The Lost Sheep
The isolated figure of a shepherd carrying a sheep over his shoulders, walking along the ridge of a rocky mountain. The shepherd is depicted as a bearded middle-aged man carrying a staff, with his head tilted slightly to the left revealing a Middle-Eastern face, his eyelids lowered in order to glance at the sheep, and wearing a red turban and long, striped robes worn with an overcoat. Growing to the right of the figure, within the barren landscape, is a tall thistle with pronounced thorns. The entire scene is bathed in the warm, red glow characteristic of evening light. To the left of the figure, the mountain appears to fall away sharply with the ridge curving round in an arc to the left. On the right horizon are the peaks of more distant mountains depicted in pink and mauve tones. The sky is yellow with streaks of pink, orange and blue cloud on the horizon. The gilt wooden frame has two friezes with a textured gesso finish, separated by plain beading. There are four decorative ovals on the inner frieze, at the centre of each side. The slip frame is gilt wood with rounded sight corners.
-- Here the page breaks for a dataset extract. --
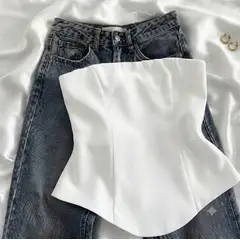 GENERICO - Blusa Strapless Blanco Elegante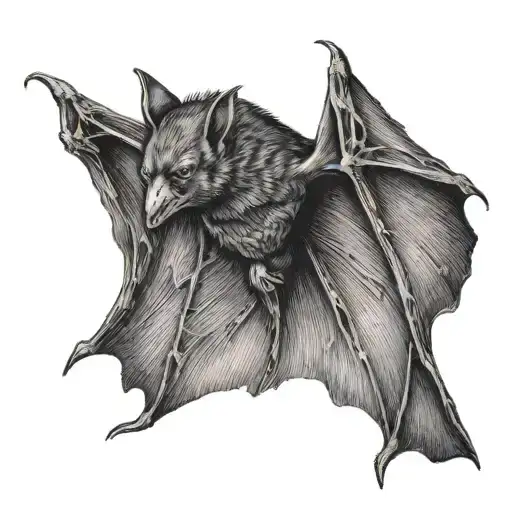 A sexy bat with big wings flying tattoo design idea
The Lost Sheep 1864 William J Webb active 1853-1878 Oil on panel Webb was one of a growing number of artists to travel to the Middle East in the 1860s. New rail networks made it increasingly easy to travel in the region. When this painting was exhibited at the Royal Academy, London, in 1864, it was one of a sizeable number of Eastern scenes. Webb was clearly influenced by William Holman Hunt. Although the figure of the shepherd is not intended to be Christ, the message of the painting, with its stony ground and thistle-like plants, is a Christian one. The shepherd is taking the sheep of out of a difficult and barren terrain into the safety of his fold.